We still need to take late supper in a healthy way. For those journalists who like to eat hot pot, Cynthia Wong suggests choosing a clear soup, like parsley with preserved egg. “ Spicy soup base or satay soup base is too greasy and we should try to avoid,” she said.

“We can still eat beef in hot pot, but we need to use fresh beef and avoid marbled beef.” Seafood and meat balls are healthier choices.

As for cafe snacks, it may be difficult to skip chips and chicken wings. But try at least to give more attention to the drinks. Fruit teas and scented teas are good choices. “Many think that juices are healthy but a glass of juice contains 140 kcal. It’s equal to a glass of soft drink,” Cynthia said.

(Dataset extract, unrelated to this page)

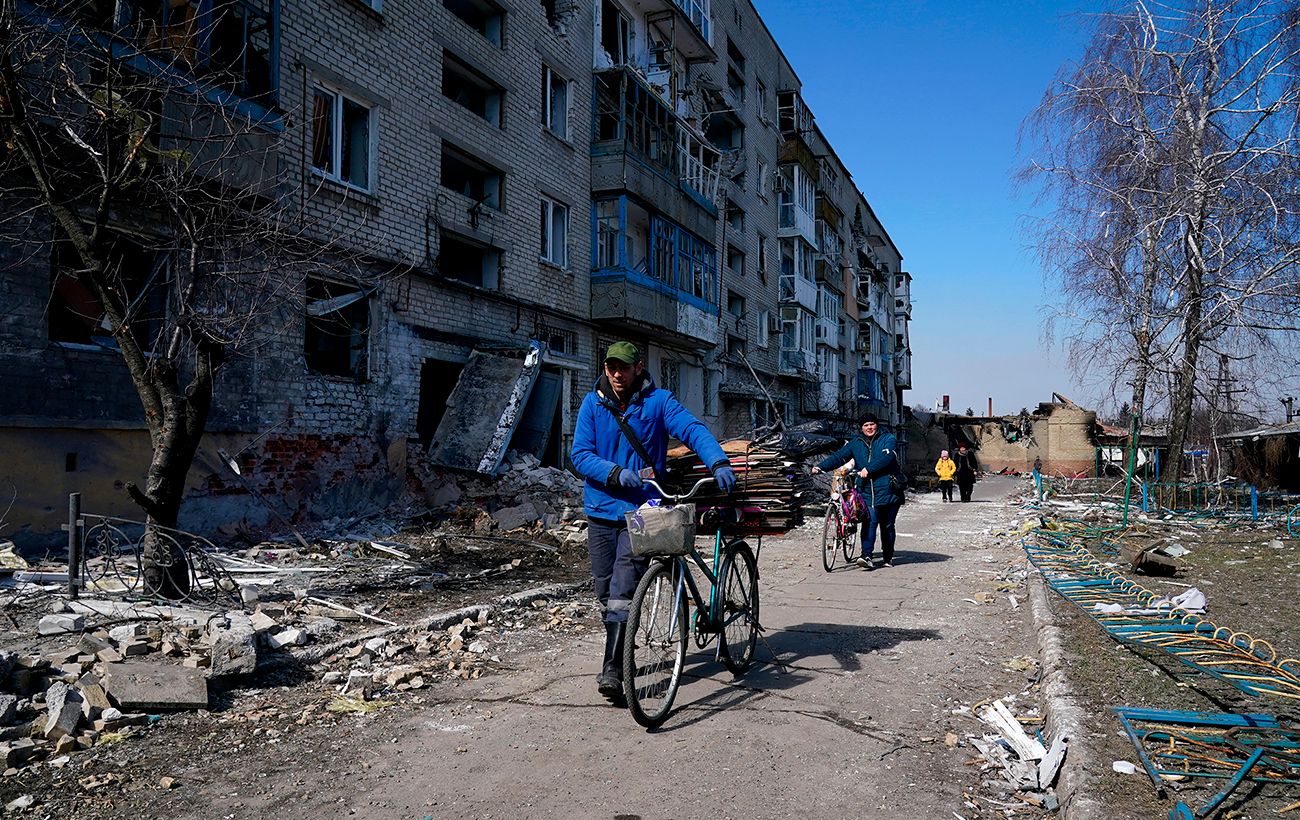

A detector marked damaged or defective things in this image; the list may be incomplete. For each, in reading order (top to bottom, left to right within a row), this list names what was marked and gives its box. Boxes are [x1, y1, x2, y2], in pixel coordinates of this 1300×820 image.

For desserts, Cynthia suggests choosing fruit mitsumame (a kind of starch jelly) or sweet potato soup. “We should not pour too much sweet soup into the starch jelly. It's all right to eat the sweet potato because it is a kind of high-fibre food.” She said. A bowl of black sesame paste contains 300 to 400 kcal. This is equal to two bowls of rice and those who want to avoid a weight gain should keep this at arm's length.

Even if a late supper replaces your dinner it may still harm your health if you sleep after a full meal. According to the past researches, late-night eating and Gastroesophageal Reflux Disease are co-related and it also causes indigestion. So we all you late night birds – keep an eye on your meals in the wee hours.